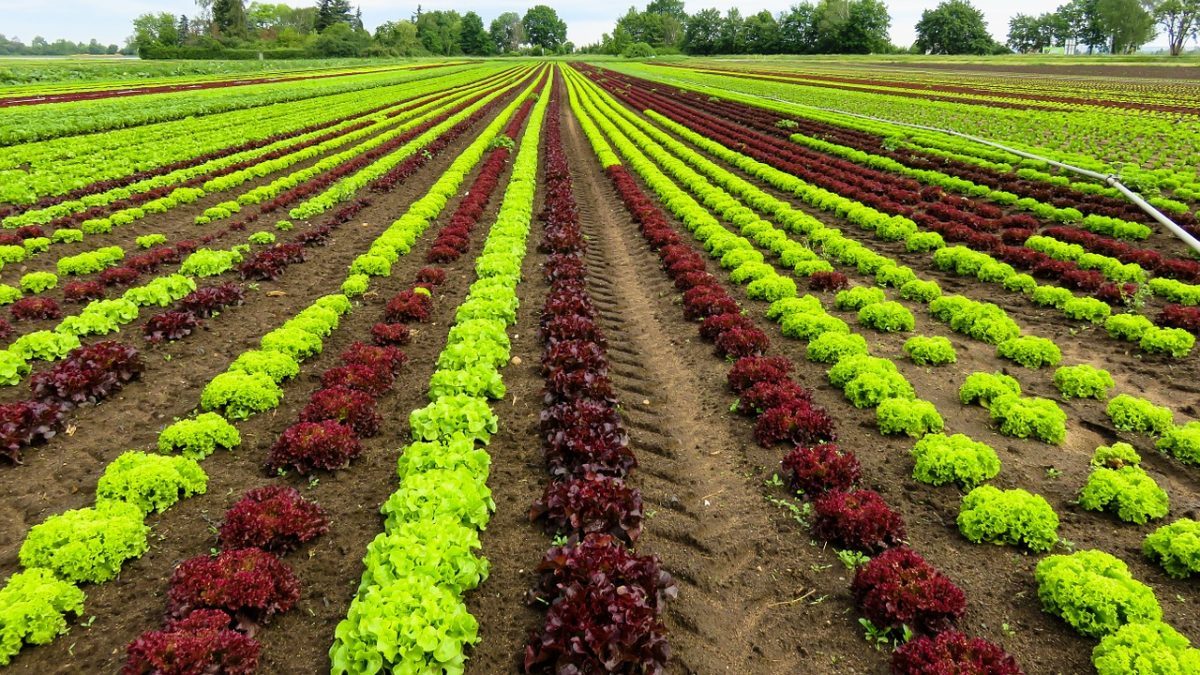 Rinnovabili • Politica agricola comune: l’UE ascolta solo l’agribusiness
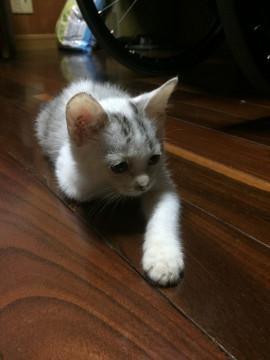 ちょっと困った顔の可愛子ちゃん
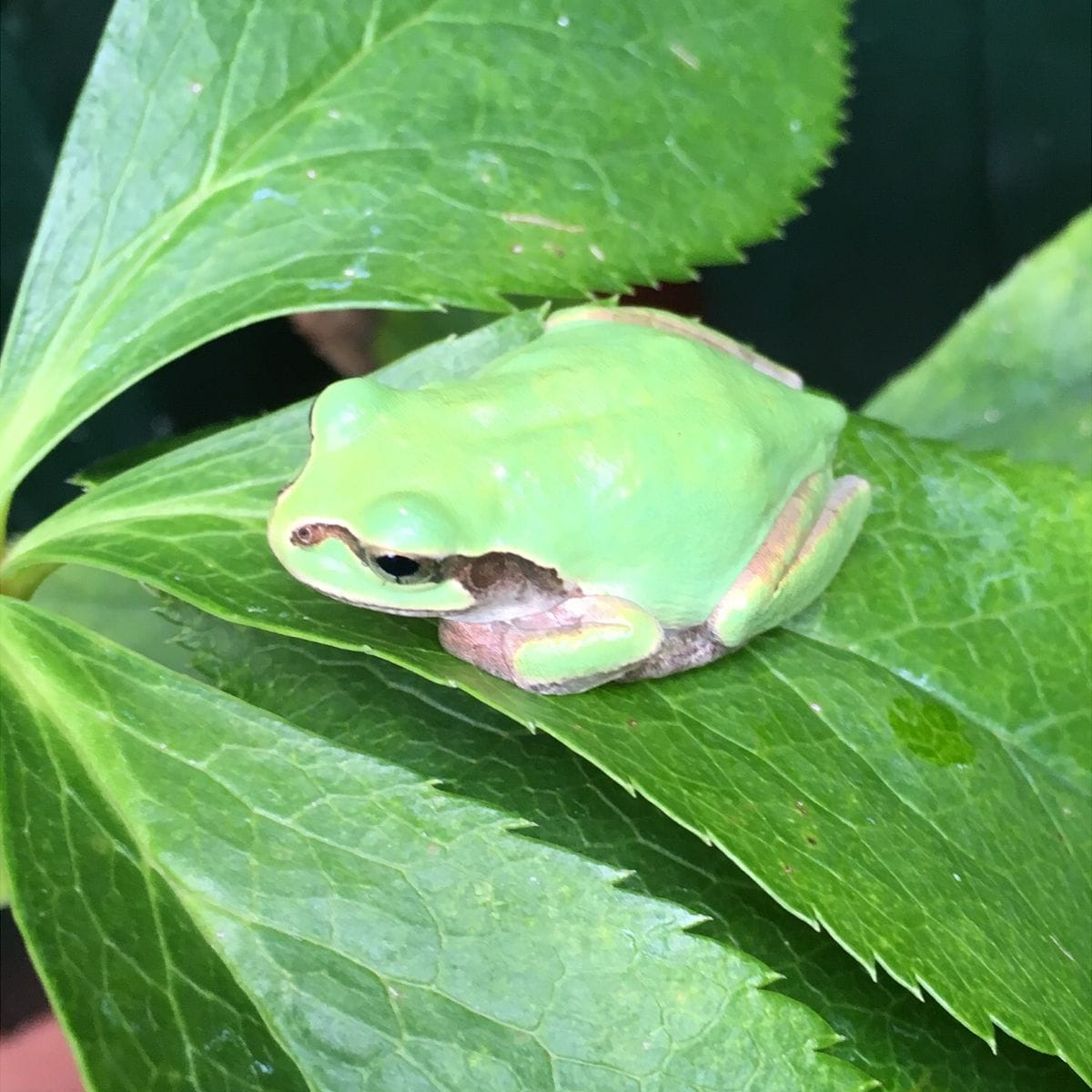 生き物3連発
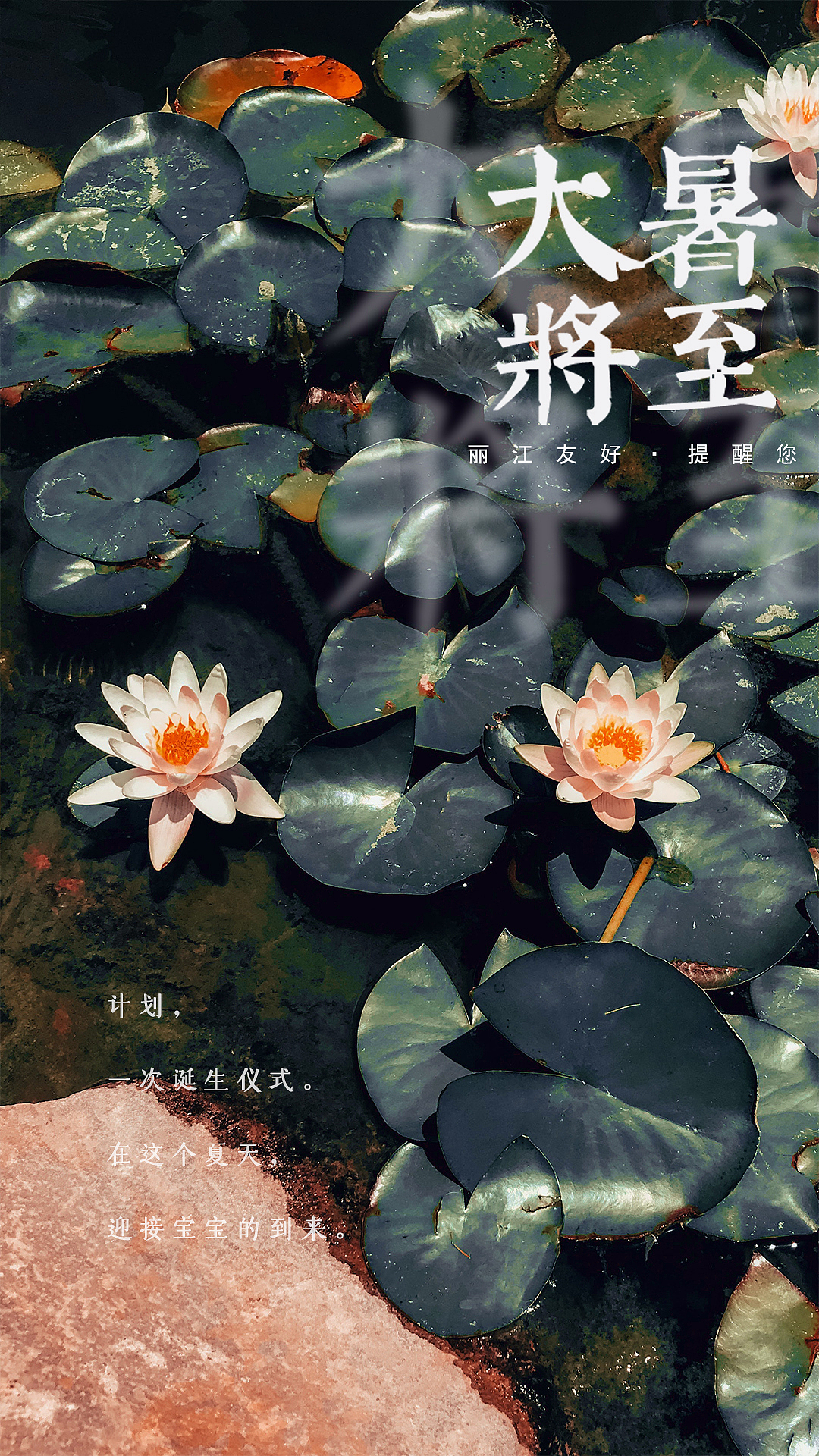 大暑（图ZMjY1MzM2MzMy） - 海报 - 站酷设计师爱溜达的王大爷原创素材 - 站酷ZCOOL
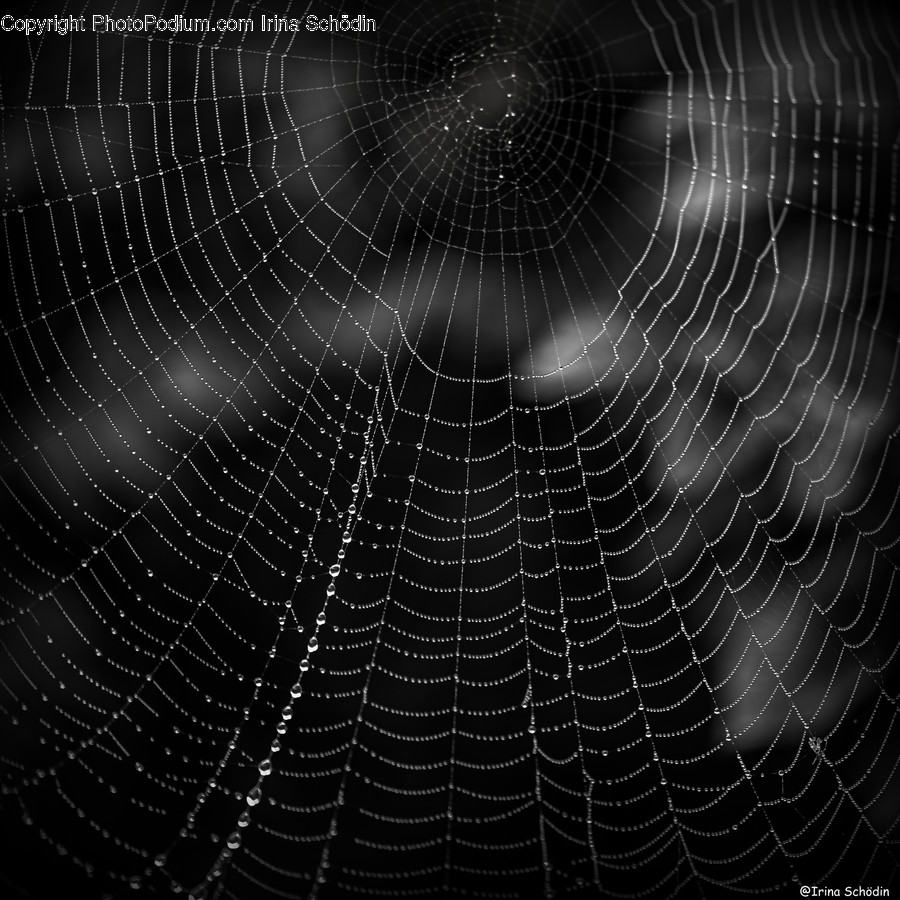 Spider Web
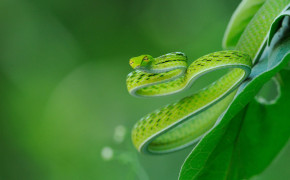 Green Viper Snake Wallpaper 1920x1080 81099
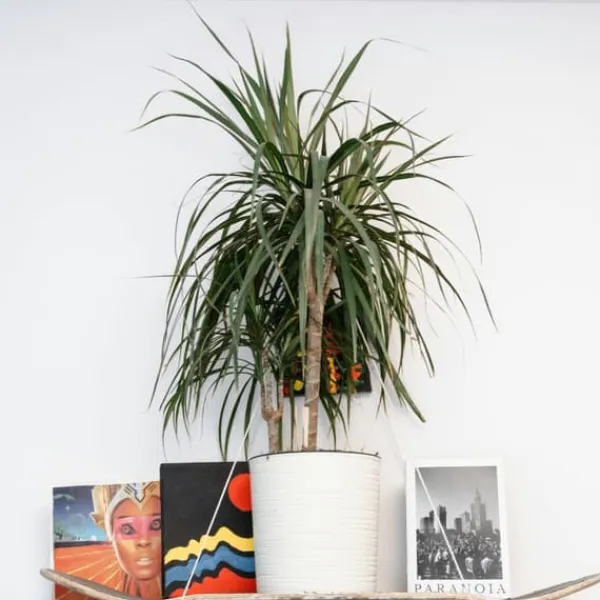 Clearance Banddracena - Set om 2 - Dracaena marginata 'Magenta' - Höjd 70-80cm - ⌀17cm Krukväxter Inomhus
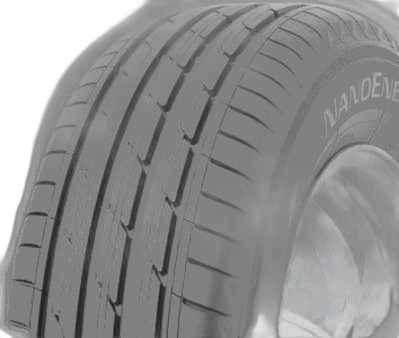 Toyo Nanoenergy 2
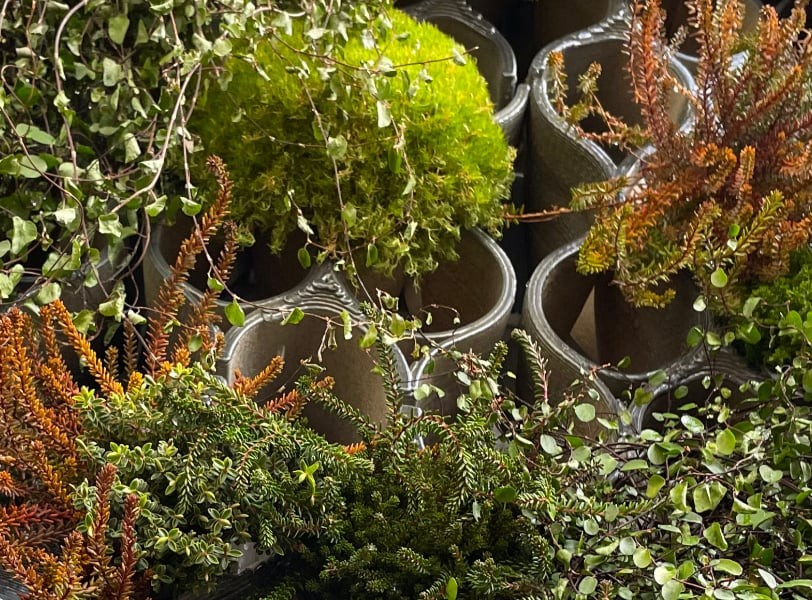 Sürdürülebilir Bir Yeşil Cephe Tasarımı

• [What the task requires]: The lines from the one containing "ちょっと困った顔の可愛子ちゃん" to the last line of the records, both included: print exactly those and nothing else, leaving out any pictures.

• [Output of the exercise]:
 ちょっと困った顔の可愛子ちゃん
 生き物3連発
 大暑（图ZMjY1MzM2MzMy） - 海报 - 站酷设计师爱溜达的王大爷原创素材 - 站酷ZCOOL
 Spider Web
 Green Viper Snake Wallpaper 1920x1080 81099
 Clearance Banddracena - Set om 2 - Dracaena marginata 'Magenta' - Höjd 70-80cm - ⌀17cm Krukväxter Inomhus
 Toyo Nanoenergy 2
 Sürdürülebilir Bir Yeşil Cephe Tasarımı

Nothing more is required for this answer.